◆ Task to carry out
Set down the data below exactly; pictures stay out.

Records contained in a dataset
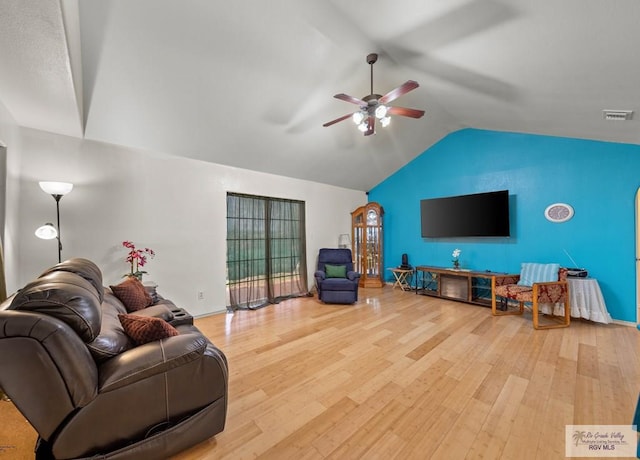 living room with vaulted ceiling, visible vents, ceiling fan, and wood finished floors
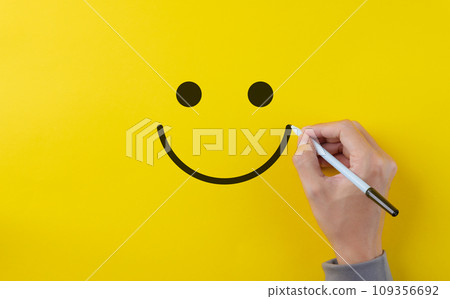 Customer review satisfaction feedback survey concept. Hand using pen to draw happy smiling face on yellow background. Service product evaluation business, Positive thinking, Mental health assessment, 109356692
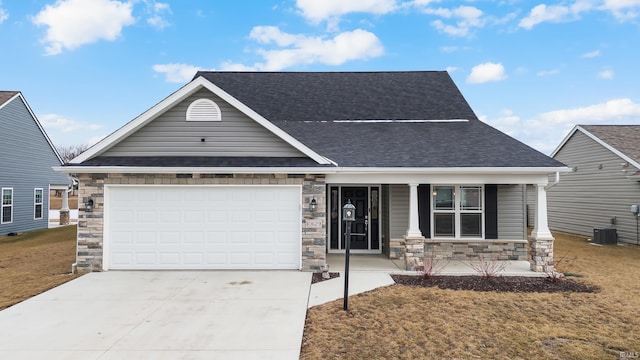 view of front facade with a garage, central AC, a front yard, and covered porch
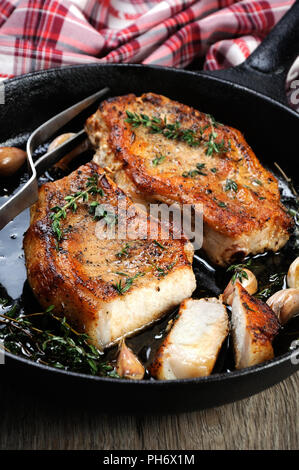 Gebratenes Schweinefleisch steak in Öl mit Kräutern und Knoblauch in einen Schnitt in die Pfanne. Stockfoto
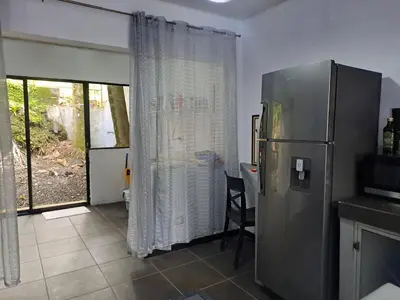 a kitchen with a refrigerator and a table at Costa Verde Retreat 1 - Ground Floor in Quepos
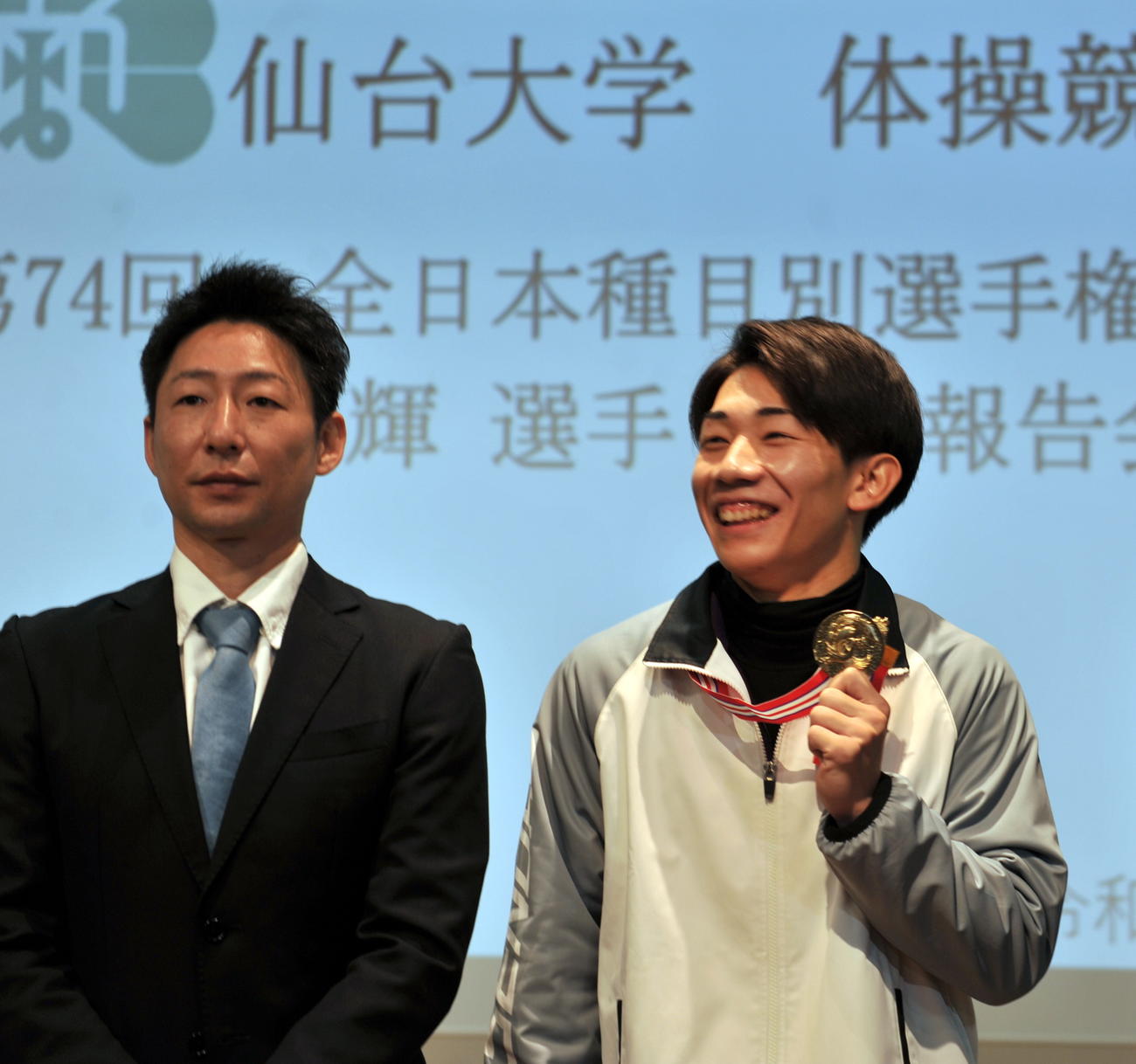 全日本体操個人別選手権でゆか連覇を達成した仙台大の南（右）は鈴木監督と笑顔で優勝報告会にに行う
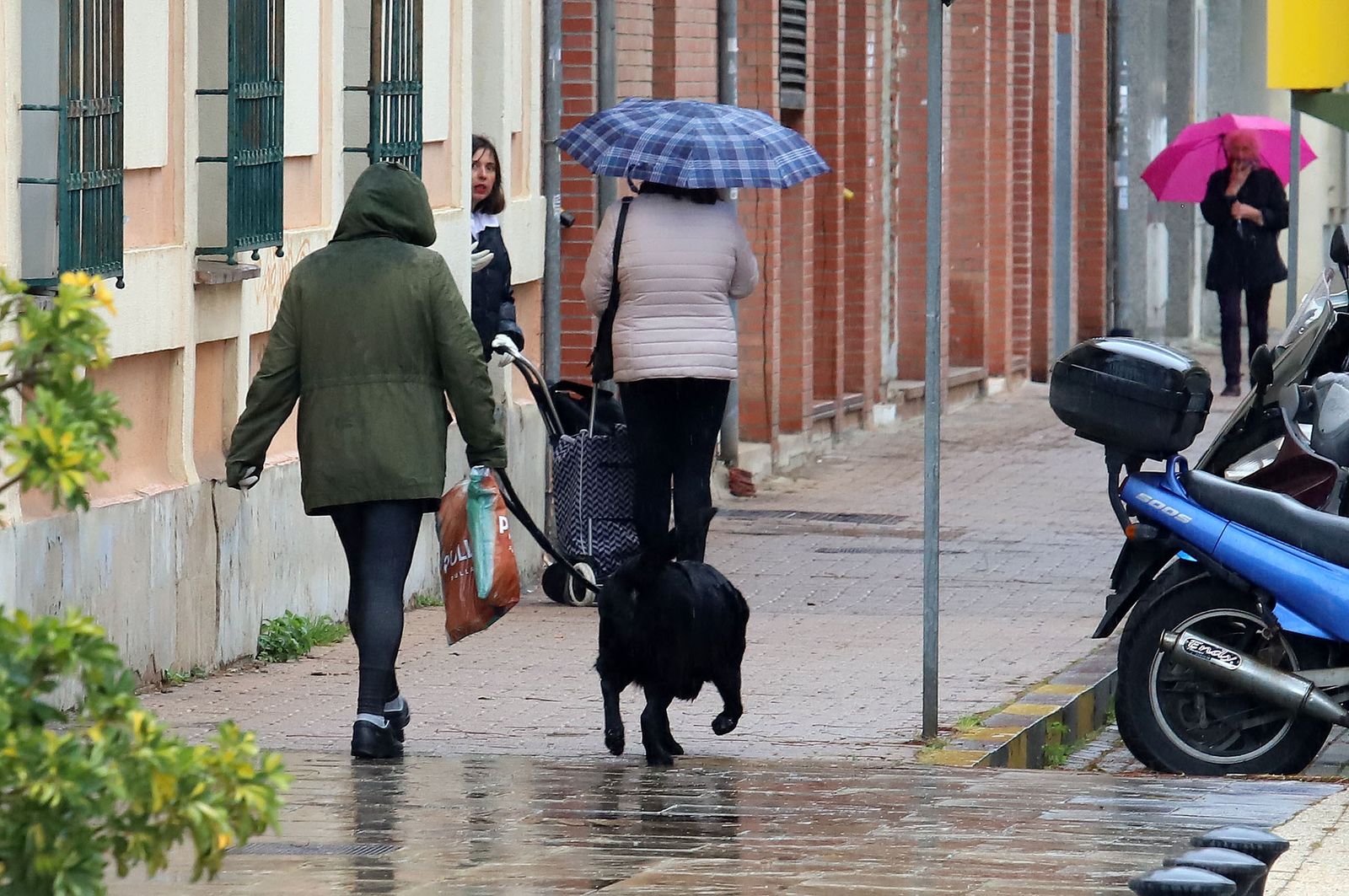 Varios onubenses pasan con paraguas por las calles de Huelva.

◆ Response area
 living room with vaulted ceiling, visible vents, ceiling fan, and wood finished floors
 Customer review satisfaction feedback survey concept. Hand using pen to draw happy smiling face on yellow background. Service product evaluation business, Positive thinking, Mental health assessment, 109356692
 view of front facade with a garage, central AC, a front yard, and covered porch
 Gebratenes Schweinefleisch steak in Öl mit Kräutern und Knoblauch in einen Schnitt in die Pfanne. Stockfoto
 a kitchen with a refrigerator and a table at Costa Verde Retreat 1 - Ground Floor in Quepos
 全日本体操個人別選手権でゆか連覇を達成した仙台大の南（右）は鈴木監督と笑顔で優勝報告会にに行う
 Varios onubenses pasan con paraguas por las calles de Huelva.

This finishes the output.